Article spinner with 2 tiers

I made an article spinner that used regex to find words in this syntax:
{word1|word2}
And then split them up at the "|", but I need a way to make it support tier 2 brackets, such as:
{{word1|word2}|{word3|word4}}
What my code does when presented with such a line, is take "{{word1|word2}" and "{word3|word4}", and this is not as intended.
What I want is when presented with such a line, my code breaks it up as "{word1|word2}|{word3|word4}", so that I can use this with the original function and break it into the actual words.
I am using c#.
Here is the pseudo code of how it might look like:
Check string for regex match to "{{word1|word2}|{word3|word4}}" pattern
If found, store each one as "{word1|word2}|{word3|word4}" in MatchCollection (mc1)
Split the word at the "|" but not the one inside the brackets, and select a random one (aka, "{word1|word2}" or "{word3|word4}")
Store the new results aka "{word1|word2}" and "{word3|word4}" in a new MatchCollection (mc2)

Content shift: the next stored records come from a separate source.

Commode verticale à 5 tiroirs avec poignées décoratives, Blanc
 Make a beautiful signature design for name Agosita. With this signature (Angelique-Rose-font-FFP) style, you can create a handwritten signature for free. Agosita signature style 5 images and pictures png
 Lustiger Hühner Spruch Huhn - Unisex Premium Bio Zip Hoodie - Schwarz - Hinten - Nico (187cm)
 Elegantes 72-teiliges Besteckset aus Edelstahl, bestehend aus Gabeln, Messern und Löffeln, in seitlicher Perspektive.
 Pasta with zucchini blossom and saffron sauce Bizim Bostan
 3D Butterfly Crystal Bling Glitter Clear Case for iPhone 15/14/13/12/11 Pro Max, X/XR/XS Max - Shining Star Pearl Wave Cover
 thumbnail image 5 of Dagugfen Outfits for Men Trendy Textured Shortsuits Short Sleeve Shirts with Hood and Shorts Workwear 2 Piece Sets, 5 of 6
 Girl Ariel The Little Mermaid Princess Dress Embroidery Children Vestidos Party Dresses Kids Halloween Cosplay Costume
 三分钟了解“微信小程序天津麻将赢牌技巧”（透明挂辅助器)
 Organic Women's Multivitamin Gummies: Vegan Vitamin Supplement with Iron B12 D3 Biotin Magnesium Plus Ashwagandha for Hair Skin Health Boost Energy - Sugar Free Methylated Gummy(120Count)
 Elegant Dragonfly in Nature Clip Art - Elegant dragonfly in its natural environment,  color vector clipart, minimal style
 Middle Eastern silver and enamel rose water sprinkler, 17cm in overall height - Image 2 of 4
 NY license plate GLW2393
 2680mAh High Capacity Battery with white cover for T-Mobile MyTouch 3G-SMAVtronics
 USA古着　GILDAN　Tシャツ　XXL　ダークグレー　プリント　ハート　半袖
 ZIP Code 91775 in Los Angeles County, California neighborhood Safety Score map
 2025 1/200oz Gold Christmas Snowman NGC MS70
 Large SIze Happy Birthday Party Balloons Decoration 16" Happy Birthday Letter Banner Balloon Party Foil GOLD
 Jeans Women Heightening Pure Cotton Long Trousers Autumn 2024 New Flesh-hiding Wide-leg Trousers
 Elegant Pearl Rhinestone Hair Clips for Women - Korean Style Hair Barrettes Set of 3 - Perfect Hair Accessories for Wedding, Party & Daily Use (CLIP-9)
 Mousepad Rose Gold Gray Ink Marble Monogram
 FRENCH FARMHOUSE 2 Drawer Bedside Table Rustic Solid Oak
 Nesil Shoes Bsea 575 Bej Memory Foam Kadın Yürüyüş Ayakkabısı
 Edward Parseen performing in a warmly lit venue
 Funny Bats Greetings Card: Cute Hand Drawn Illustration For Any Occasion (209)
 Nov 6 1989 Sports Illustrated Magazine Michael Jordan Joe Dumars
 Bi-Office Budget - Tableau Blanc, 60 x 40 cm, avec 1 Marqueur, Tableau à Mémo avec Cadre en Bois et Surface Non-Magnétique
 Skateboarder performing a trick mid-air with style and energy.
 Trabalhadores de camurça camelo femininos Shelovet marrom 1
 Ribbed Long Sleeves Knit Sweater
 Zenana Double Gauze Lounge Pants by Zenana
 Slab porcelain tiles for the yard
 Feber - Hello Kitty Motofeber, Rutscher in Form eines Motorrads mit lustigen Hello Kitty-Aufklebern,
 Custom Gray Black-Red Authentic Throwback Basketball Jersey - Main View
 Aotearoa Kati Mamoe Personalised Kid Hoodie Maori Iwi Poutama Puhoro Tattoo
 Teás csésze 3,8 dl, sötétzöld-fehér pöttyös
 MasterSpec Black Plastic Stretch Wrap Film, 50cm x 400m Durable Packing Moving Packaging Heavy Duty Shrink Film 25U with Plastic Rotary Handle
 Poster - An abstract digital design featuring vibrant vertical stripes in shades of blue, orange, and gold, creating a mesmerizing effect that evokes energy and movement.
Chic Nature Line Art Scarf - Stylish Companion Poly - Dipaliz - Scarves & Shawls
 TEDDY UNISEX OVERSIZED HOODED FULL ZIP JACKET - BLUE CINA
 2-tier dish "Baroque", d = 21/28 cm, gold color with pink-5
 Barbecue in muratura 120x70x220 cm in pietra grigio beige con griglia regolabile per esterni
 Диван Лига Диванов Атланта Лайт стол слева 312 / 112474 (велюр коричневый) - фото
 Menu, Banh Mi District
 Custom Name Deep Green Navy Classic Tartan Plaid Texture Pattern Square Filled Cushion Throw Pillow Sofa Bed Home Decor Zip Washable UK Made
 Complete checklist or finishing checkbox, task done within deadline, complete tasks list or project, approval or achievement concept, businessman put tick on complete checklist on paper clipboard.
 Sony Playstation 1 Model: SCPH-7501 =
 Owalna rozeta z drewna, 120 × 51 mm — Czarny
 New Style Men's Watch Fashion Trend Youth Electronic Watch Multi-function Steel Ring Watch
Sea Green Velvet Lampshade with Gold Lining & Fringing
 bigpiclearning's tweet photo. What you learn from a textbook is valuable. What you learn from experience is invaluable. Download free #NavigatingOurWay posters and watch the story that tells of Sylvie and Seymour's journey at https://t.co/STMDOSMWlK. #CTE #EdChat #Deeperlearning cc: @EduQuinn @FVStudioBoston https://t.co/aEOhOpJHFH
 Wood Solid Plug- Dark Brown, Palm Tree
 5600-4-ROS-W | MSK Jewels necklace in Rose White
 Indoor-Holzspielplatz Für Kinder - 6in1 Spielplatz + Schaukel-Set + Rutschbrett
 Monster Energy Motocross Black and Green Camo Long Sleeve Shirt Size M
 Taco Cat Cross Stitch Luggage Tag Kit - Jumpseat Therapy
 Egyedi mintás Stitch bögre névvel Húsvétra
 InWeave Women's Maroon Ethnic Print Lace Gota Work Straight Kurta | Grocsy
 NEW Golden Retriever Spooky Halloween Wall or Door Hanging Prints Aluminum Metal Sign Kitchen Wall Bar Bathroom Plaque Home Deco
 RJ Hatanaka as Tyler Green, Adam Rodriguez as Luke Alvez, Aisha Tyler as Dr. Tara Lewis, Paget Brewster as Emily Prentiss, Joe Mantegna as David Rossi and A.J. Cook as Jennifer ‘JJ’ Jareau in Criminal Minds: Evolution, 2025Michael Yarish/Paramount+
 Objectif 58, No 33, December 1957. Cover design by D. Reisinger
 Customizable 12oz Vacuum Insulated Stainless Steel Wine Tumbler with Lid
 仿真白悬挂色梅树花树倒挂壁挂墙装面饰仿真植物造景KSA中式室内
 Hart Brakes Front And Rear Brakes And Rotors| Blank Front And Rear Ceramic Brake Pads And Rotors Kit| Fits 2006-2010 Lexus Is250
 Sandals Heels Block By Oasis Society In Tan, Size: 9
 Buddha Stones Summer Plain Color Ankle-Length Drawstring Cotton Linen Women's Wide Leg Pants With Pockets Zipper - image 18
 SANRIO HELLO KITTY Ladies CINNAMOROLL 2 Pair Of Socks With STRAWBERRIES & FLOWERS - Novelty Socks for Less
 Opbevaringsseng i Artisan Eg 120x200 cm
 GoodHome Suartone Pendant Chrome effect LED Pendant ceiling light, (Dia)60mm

Now search the string again, this time looking for "{word1|word2}" only and ignore the double "{{" "}}"
Store these in mc2.
I can not split these up normally
Here is the regex I use to search for "{word1|word2}":
Regex regexObj = new Regex(#"\{.*?\}", RegexOptions.Singleline);
MatchCollection m = regexObj.Matches(originalText); //How I store them
Hopefully someone can help, thanks!
Edit: I solved this using a recursive method. I was building an article spinner btw.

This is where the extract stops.